ACE sought to improve the harbor's entrance navigation and decrease surge by building a break-wall that extended 620 feet into Maalaea's primary swell direction, threatening the wave and 11 acres of its precious coral. With a grant written by Roberson from the Ford Foundation, Surfrider hired a marine consulting firm to review the project's Environmental Impact Statement. The results of the firm's study contradicted ACE's claim that the break-wall would significantly decrease surge. The Corps went back to the drawing board and the Freight Train chugs on—for now.
"As recently as March 2009, Ms. Roberson brought together approximately 30 representatives of the Maalaea community to openly share their concerns, issues and considerations on Maalaea with the Corps," explains ACE biologist and project manager Cindy Barger. "Sharing information in this format with the Corps has allowed us to better understand the community and create a more collaborative process during the development of the reevaluation report."

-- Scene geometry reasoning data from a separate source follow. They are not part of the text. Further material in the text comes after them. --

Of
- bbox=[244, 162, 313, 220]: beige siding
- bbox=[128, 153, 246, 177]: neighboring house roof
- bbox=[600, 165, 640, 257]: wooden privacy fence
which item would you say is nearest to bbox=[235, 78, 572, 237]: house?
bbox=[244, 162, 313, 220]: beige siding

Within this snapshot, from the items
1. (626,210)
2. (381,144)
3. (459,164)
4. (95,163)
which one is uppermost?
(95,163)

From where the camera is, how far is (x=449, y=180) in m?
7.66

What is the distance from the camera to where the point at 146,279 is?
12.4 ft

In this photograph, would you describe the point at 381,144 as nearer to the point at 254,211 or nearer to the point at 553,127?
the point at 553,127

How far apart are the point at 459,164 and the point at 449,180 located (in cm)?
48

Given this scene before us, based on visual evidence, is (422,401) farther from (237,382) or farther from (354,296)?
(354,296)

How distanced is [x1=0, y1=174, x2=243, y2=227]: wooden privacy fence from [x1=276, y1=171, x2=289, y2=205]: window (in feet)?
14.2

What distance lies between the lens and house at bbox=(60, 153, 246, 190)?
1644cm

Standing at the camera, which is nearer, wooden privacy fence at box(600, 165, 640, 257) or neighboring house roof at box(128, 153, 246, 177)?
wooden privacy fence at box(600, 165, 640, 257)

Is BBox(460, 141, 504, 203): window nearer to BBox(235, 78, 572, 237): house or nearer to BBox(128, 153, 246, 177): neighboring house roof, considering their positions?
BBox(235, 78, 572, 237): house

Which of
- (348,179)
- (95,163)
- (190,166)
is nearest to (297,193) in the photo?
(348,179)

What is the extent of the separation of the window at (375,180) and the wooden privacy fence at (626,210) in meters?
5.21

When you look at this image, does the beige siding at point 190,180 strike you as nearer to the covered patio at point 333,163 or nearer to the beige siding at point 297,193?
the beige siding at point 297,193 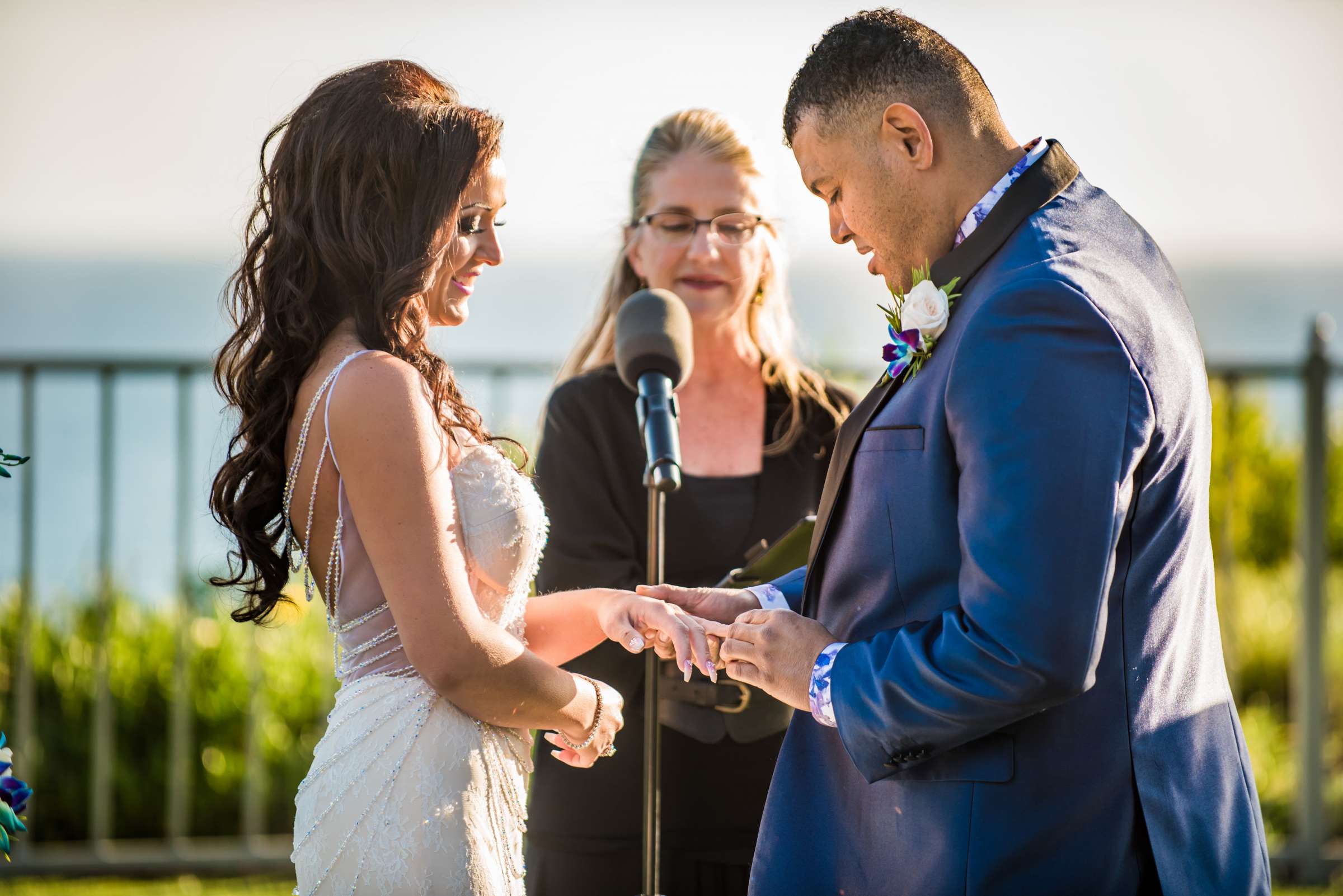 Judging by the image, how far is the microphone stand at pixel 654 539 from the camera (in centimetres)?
226

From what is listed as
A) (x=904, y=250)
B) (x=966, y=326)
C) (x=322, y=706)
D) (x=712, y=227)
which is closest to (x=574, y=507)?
(x=712, y=227)

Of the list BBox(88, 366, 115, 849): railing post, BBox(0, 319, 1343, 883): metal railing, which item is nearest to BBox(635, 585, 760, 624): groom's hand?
BBox(0, 319, 1343, 883): metal railing

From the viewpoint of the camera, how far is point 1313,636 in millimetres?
5047

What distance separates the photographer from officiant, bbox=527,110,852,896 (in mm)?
3029

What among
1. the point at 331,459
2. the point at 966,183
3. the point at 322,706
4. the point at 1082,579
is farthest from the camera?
the point at 322,706

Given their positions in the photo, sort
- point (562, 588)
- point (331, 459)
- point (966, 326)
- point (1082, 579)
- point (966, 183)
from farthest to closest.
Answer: point (562, 588), point (331, 459), point (966, 183), point (966, 326), point (1082, 579)

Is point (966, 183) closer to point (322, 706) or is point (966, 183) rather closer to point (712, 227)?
point (712, 227)

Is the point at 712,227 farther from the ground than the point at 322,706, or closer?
farther from the ground

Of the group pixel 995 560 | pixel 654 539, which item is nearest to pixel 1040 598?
pixel 995 560

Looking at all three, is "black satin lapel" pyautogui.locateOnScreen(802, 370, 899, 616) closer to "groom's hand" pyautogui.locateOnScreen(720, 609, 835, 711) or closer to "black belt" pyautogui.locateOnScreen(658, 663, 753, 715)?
"groom's hand" pyautogui.locateOnScreen(720, 609, 835, 711)

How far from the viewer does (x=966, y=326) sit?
1.79 metres

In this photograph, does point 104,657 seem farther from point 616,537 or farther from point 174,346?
point 174,346

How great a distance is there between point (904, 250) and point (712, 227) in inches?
52.6

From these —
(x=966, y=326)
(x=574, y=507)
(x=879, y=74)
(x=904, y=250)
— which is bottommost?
(x=574, y=507) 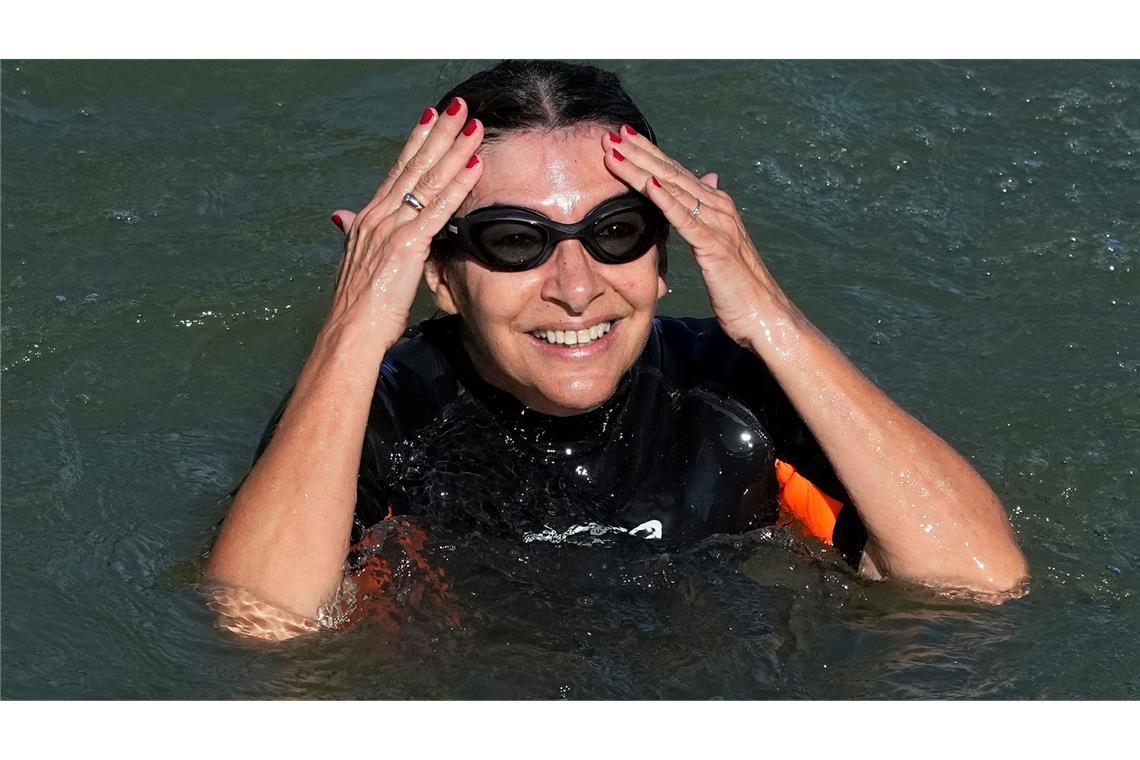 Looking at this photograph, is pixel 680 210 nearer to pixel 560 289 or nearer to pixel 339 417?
pixel 560 289

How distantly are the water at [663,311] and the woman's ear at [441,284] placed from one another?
81 cm

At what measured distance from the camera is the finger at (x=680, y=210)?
4.57 m

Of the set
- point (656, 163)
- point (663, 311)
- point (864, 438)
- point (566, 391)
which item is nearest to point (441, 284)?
point (566, 391)

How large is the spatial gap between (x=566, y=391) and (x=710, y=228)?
2.19ft

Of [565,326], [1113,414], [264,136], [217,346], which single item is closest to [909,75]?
[1113,414]

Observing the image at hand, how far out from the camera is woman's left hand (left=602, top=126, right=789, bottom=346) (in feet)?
15.1

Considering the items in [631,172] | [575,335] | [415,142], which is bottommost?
[575,335]

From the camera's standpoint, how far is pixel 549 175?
4.58m

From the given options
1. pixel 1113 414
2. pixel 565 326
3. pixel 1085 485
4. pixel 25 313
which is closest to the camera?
pixel 565 326

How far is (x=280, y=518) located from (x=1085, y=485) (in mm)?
3231

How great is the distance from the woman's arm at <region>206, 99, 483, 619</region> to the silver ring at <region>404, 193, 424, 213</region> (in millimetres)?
15

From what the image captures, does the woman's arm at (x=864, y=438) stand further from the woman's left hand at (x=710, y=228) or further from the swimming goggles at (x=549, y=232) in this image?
the swimming goggles at (x=549, y=232)

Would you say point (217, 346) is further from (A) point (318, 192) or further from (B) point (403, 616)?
(B) point (403, 616)

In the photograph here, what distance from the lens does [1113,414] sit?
6.53 metres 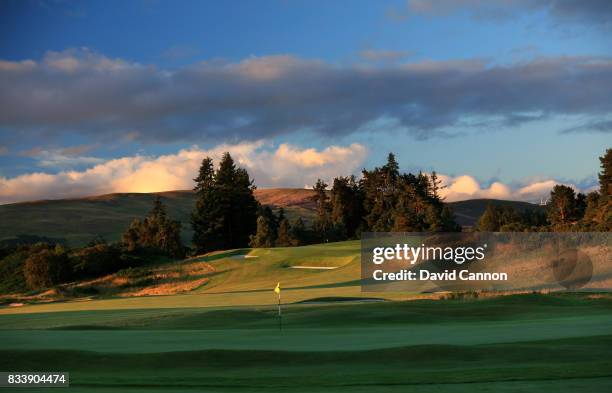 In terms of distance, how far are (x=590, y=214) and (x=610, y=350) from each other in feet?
203

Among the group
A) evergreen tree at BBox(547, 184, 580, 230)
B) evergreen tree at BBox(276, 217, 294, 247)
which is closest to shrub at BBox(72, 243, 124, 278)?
evergreen tree at BBox(276, 217, 294, 247)

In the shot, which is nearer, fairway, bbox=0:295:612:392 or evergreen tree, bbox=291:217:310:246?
fairway, bbox=0:295:612:392

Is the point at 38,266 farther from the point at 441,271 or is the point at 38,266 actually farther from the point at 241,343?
the point at 241,343

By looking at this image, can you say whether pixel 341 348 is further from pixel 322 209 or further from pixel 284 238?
pixel 322 209

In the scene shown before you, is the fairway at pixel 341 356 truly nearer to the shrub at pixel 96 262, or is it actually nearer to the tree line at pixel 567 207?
the shrub at pixel 96 262

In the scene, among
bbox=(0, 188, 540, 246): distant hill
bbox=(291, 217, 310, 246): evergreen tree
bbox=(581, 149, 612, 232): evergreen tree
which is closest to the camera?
bbox=(581, 149, 612, 232): evergreen tree

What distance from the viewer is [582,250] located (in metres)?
49.6

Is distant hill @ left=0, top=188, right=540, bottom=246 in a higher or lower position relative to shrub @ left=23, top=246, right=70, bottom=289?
higher

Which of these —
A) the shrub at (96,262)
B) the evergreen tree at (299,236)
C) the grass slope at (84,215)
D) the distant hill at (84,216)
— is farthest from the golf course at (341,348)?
the distant hill at (84,216)

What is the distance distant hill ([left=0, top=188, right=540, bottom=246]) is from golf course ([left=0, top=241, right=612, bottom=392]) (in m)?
105

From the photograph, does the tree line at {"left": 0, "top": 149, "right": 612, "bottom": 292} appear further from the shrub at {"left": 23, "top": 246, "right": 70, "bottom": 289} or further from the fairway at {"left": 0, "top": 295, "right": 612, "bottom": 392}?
the fairway at {"left": 0, "top": 295, "right": 612, "bottom": 392}

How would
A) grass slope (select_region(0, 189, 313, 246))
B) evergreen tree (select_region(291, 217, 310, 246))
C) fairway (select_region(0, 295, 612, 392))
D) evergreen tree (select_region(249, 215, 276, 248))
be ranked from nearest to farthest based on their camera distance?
fairway (select_region(0, 295, 612, 392)) < evergreen tree (select_region(249, 215, 276, 248)) < evergreen tree (select_region(291, 217, 310, 246)) < grass slope (select_region(0, 189, 313, 246))

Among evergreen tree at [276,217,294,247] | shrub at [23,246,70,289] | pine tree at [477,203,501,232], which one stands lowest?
shrub at [23,246,70,289]

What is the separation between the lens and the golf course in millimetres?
11625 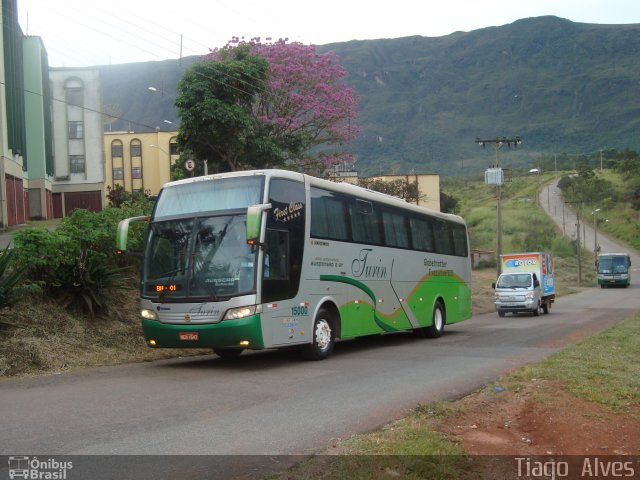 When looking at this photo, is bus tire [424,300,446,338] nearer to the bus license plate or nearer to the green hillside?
the bus license plate

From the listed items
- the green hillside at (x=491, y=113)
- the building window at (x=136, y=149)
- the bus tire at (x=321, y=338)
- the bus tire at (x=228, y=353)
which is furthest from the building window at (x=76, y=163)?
the green hillside at (x=491, y=113)

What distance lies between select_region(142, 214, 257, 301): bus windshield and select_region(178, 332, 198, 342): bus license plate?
59 centimetres

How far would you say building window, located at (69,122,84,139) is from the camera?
5438 centimetres

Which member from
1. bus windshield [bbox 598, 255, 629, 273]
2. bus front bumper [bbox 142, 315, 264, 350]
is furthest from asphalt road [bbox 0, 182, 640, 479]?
bus windshield [bbox 598, 255, 629, 273]

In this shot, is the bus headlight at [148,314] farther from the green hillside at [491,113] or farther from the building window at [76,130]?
the green hillside at [491,113]

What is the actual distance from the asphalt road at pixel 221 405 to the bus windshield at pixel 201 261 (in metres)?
1.37

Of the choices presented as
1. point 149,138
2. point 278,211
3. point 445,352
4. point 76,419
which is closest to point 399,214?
point 445,352

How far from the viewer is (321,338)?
44.5 ft

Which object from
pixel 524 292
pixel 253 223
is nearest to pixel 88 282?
pixel 253 223

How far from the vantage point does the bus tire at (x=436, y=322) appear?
64.7 ft

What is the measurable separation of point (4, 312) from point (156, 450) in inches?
298

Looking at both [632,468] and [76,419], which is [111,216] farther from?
[632,468]

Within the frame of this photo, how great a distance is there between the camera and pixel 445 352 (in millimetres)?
15438

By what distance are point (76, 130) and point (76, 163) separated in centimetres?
265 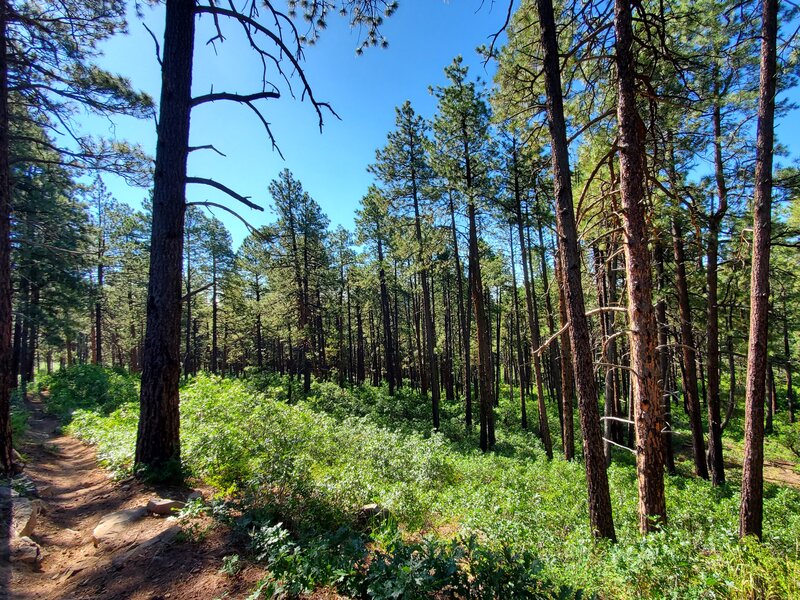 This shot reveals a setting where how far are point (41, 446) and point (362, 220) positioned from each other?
680 inches

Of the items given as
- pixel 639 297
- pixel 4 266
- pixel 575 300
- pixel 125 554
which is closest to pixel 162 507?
pixel 125 554

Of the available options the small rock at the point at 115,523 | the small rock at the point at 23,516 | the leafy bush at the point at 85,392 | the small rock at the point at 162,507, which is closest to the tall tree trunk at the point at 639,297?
the small rock at the point at 162,507

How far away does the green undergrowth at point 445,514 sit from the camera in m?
2.70

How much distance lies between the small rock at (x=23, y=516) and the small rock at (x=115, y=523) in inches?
23.9

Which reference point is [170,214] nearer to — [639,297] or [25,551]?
[25,551]

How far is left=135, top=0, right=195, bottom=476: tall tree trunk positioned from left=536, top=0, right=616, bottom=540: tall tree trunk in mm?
5035

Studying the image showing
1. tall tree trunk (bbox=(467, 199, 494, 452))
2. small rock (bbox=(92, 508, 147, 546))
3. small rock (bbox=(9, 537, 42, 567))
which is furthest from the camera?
tall tree trunk (bbox=(467, 199, 494, 452))

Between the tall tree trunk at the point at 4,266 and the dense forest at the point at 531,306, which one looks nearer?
the dense forest at the point at 531,306

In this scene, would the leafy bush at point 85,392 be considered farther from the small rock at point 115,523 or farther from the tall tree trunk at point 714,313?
the tall tree trunk at point 714,313

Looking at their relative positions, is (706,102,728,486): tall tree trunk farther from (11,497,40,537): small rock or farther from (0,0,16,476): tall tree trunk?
(0,0,16,476): tall tree trunk

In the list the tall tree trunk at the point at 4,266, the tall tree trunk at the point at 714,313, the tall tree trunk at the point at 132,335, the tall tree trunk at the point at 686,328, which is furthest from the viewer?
the tall tree trunk at the point at 132,335

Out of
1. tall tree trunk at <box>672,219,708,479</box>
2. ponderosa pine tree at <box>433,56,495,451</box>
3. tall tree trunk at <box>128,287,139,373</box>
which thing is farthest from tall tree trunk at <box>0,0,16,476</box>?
tall tree trunk at <box>128,287,139,373</box>

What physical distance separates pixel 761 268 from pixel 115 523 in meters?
9.63

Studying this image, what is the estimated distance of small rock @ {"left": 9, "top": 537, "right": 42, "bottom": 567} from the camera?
10.1ft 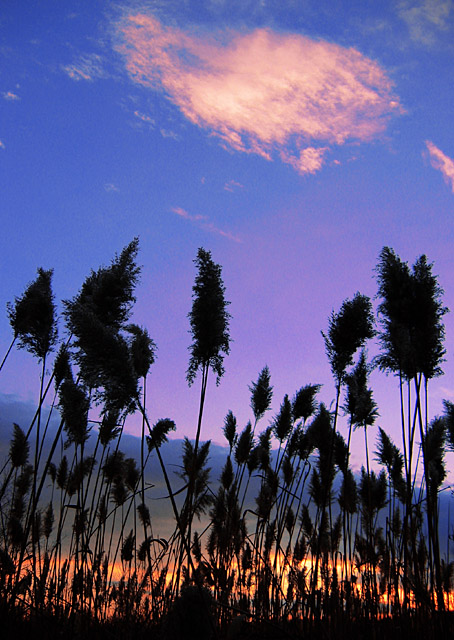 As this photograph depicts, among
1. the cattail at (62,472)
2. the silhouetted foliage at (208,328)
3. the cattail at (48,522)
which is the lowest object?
the cattail at (48,522)

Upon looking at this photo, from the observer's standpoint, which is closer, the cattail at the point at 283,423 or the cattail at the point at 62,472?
the cattail at the point at 283,423

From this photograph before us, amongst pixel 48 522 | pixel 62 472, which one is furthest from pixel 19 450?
pixel 48 522

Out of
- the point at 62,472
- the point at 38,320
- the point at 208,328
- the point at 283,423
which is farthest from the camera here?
the point at 62,472

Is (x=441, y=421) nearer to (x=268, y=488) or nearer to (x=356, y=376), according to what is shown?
(x=356, y=376)

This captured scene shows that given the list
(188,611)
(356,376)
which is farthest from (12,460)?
(188,611)

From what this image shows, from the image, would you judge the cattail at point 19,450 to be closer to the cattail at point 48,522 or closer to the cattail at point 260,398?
the cattail at point 48,522

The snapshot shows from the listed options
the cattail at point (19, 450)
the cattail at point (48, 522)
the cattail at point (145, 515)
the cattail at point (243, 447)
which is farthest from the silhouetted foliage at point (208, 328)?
the cattail at point (48, 522)

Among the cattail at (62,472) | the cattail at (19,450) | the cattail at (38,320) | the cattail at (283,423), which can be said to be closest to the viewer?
the cattail at (38,320)

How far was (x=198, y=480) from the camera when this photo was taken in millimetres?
5496

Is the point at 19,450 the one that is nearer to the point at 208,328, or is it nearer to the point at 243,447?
the point at 243,447

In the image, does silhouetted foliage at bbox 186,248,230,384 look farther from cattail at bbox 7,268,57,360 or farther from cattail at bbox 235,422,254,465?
cattail at bbox 235,422,254,465

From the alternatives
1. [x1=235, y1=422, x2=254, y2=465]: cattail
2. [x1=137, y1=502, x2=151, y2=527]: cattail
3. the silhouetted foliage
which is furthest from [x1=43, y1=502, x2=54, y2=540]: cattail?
the silhouetted foliage

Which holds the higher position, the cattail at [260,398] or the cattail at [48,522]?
the cattail at [260,398]

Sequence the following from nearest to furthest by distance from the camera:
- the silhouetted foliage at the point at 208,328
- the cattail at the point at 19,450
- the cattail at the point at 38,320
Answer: the silhouetted foliage at the point at 208,328, the cattail at the point at 38,320, the cattail at the point at 19,450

Roberson's tireless efforts continue to have an immeasurably positive impact on the 'aina. But like any strong leader, Roberson has run into her share of criticism. She is strong-minded, determined and ran Surfrider according to her singular vision. At the end of 2009, she stepped aside as the chapter's executive officer.
In the view of Stuart Coleman, Hawaii Coordinator for the Surfrider Foundation, Roberson "realized that the chapter needed to move in a new direction." But, he adds, "she is now working with a younger generation of leaders focusing on a wider range of issues."
"I ran it to the best of my ability when nobody else wanted to step up as executive officer," says Roberson, who is consulting with the new board in an ex-officio capacity.
Roberson's plans also include starting a new non-profit, The Friends of Ho'okipa, which will oversee the fundraising and maintenance of the native plant restoration project.
The 20th anniversary of the Ho'okipa Surf Classic marked the event's final year. Roberson is ending the contest, hoping to spend more time with her four young grandsons: Justin, Eric and Steve (named in memory of the three lost surfers) and Rider Maka'i whose name roughly translates to surf rider.
But so much for the tragic rule of three: in 2007, celebrated Maui artist and surfer Ron Cassidy died while surfing Mexico's Puerto Escondido. Hauntingly, Cassidy once produced a painting of Justin Roberson.
To most surfers, the only thing more hallowed than the waves we ride is our relationships with the people we love. Jan Roberson says she can't have one without the other. "I guess I'm still a protective mother of sorts," she says. "Doing my best to save these waves is how I continue to care for my son, and also remember the other surfers that Maui lost too soon."